Implementation note: It would be nice to generalize this with dependencies() to use a LabelFactory, but it seems impossible with the current setup.

Parameters:
f - Dependencies are excluded for which the Pair is not accepted by the Filter
Returns:
Set of dependencies (each a Pair)

yield

public Sentence yield()
Gets the yield of the tree. The Label of all leaf nodes is returned as a list ordered by the natural left to right order of the leaves. Null values, if any, are inserted into the list like any other value.

Returns:
a List of the data in the tree's leaves.

yield

public List yield(List y)
Gets the yield of the tree. The Label of all leaf nodes is returned as a list ordered by the natural left to right order of the leaves. Null values, if any, are inserted into the list like any other value. This has been rewritten to thread, so only one List is used.

Parameters:
y - The list in which the yield of the tree will be placed. Normally, this will be empty when the routine is called, but if not, the new yield is added to the end of the list.
Returns:
a List of the data in the tree's leaves.

taggedYield

public Sentence taggedYield()
Gets the tagged yield of the tree. The Label of all leaf nodes is returned as a list ordered by the natural left to right order of the leaves.
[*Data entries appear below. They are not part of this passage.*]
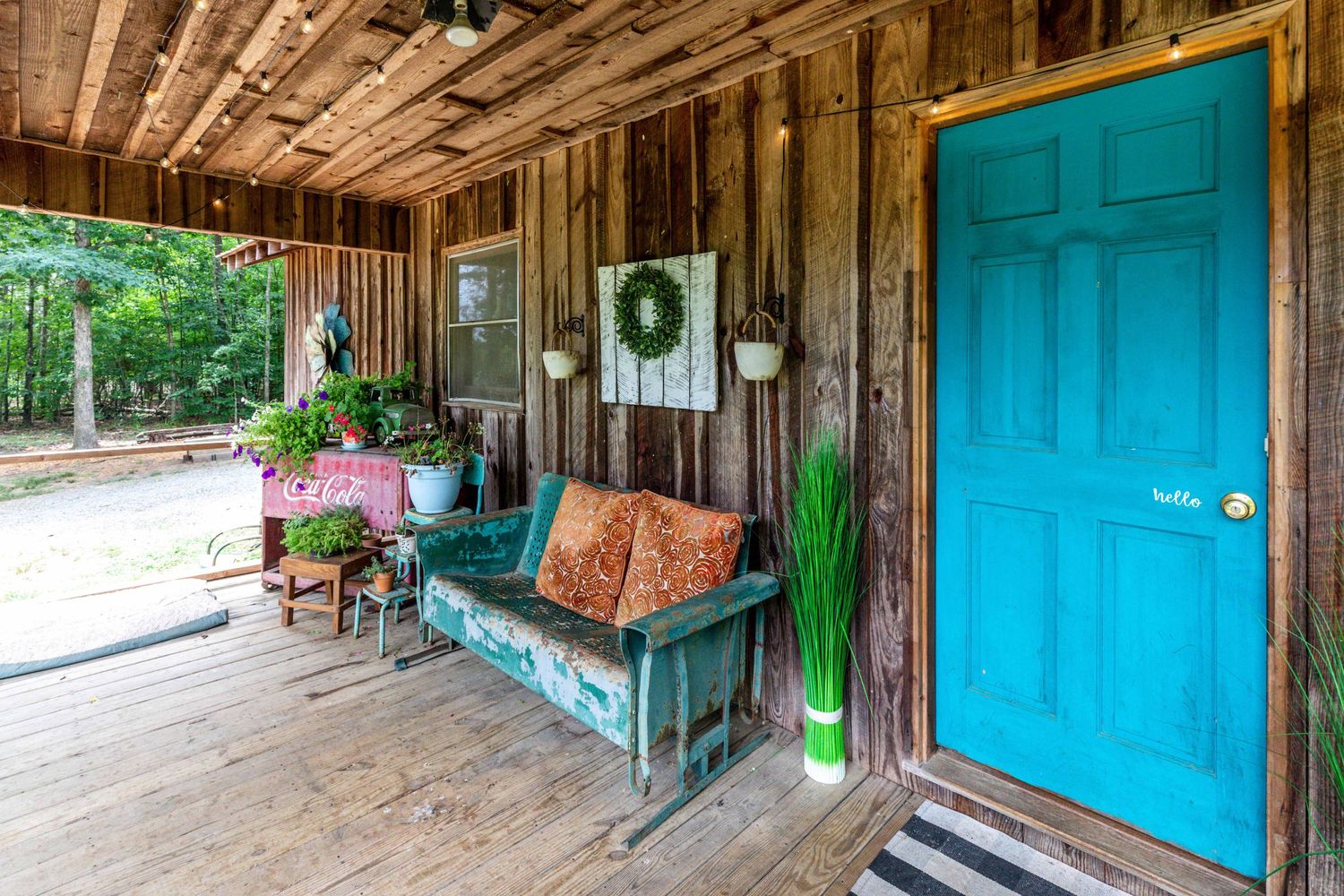 rustic vintage cabin with bright bold colors by victoria leigh photography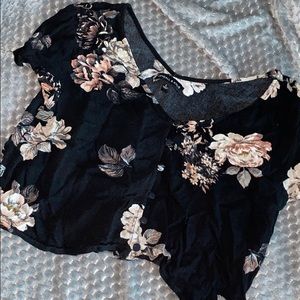 Kendall & Kylie floral short sleeve crop top!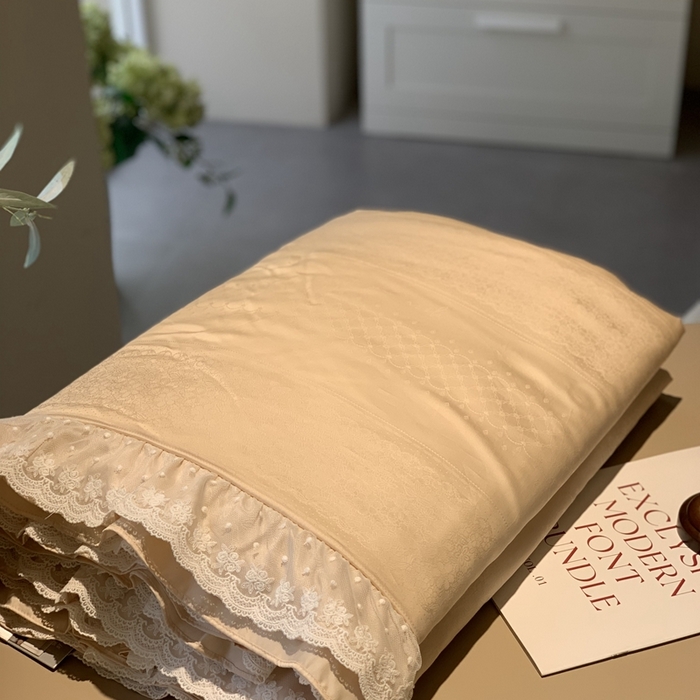 91家纺网 家纺一手货源 找家纺 汇庭 2025春夏新款洛可可夏被系列夏凉被空调被单夏被 咖色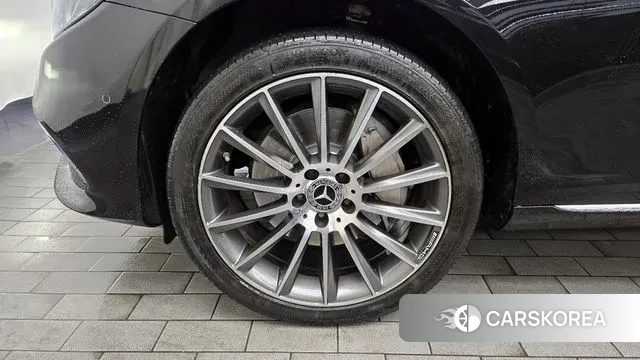 Mercedes-Benz E-Class W213 id 3509796 из Кореи 15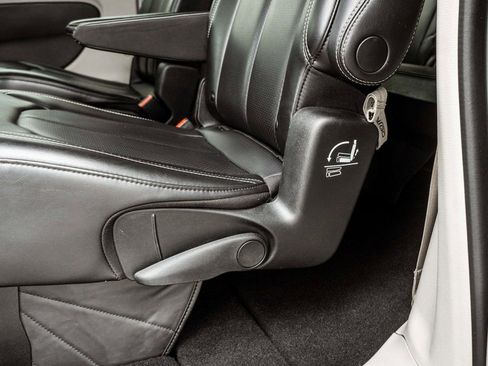 Used 2023 Chrysler Pacifica Touring-L FWD image 31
Null values, if any, are inserted into the list like any other value.

Returns:
a List of the data in the tree's leaves.

taggedYield

public List taggedYield(List ty)
Gets the tagged yield of the tree -- that is, get the preterminals as well as the terminals. The Label of all leaf nodes is returned as a list ordered by the natural left to right order of the leaves. Null values, if any, are inserted into the list like any other value. This has been rewritten to thread, so only one List is used.

Parameters:
ty - The list in which the tagged yield of the tree will be placed. Normally, this will be empty when the routine is called, but if not, the new yield is added to the end of the list.
Returns:
a List of the data in the tree's leaves.

preTerminalYield

public List preTerminalYield()
Gets the preterminal yield (i.e., tags) of the tree. All data in preleaf nodes is returned as a list ordered by the natural left to right order of the tree. Null values, if any, are inserted into the list like any other value. Pre-leaves are nodes of height 1.

Returns:
a List of the data in the tree's pre-leaves.

preTerminalYield

public List preTerminalYield(List y)
Gets the preterminal yield (i.e., tags) of the tree. All data in preleaf nodes is returned as a list ordered by the natural left to right order of the tree. Null values, if any, are inserted into the list like any other value. Pre-leaves are nodes of height 1.

Parameters:
y - The list in which the preterminals of the tree will be placed. Normally, this will be empty when the routine is called, but if not, the new yield is added to the end of the list.
Returns:
a List of the data in the tree's pre-leaves.

labels

public Collection labels()
Get the set of all node and leaf Labels, null or otherwise, contained in the tree.

Specified by:
labels in interface Labeled
Returns:
the Collection (actually, Set) of all values in the tree.

setLabels

public void setLabels(Collection c)
Description copied from interface: Labeled
Sets the labels associated with this object.

Specified by:
setLabels in interface Labeled
Parameters:
c - The set of Label values

flatten

public Tree flatten()
Return a flattened version of a tree. In many circumstances, this will just return the tree, but if the tree is something like a binarized version of a dependency grammar tree, then it will be flattened back to a dependency grammar tree representation. Formally, a node will be removed from the tree when: it is not a terminal or preterminal, and its label()equal() to the label() of its parent, and all its children will then be promoted to become children of the parent (in the same position in the sequence of daughters.

Returns:
A flattened version of this tree.

flatten

public Tree flatten(TreeFactory tf)
Return a flattened version of a tree. In many circumstances, this will just return the tree, but if the tree is something like a binarized version of a dependency grammar tree, then it will be flattened back to a dependency grammar tree representation. Formally, a node will be removed from the tree when: it is not a terminal or preterminal, and its label()equal() to the label() of its parent, and all its children will then be promoted to become children of the parent (in the same position in the sequence of daughters.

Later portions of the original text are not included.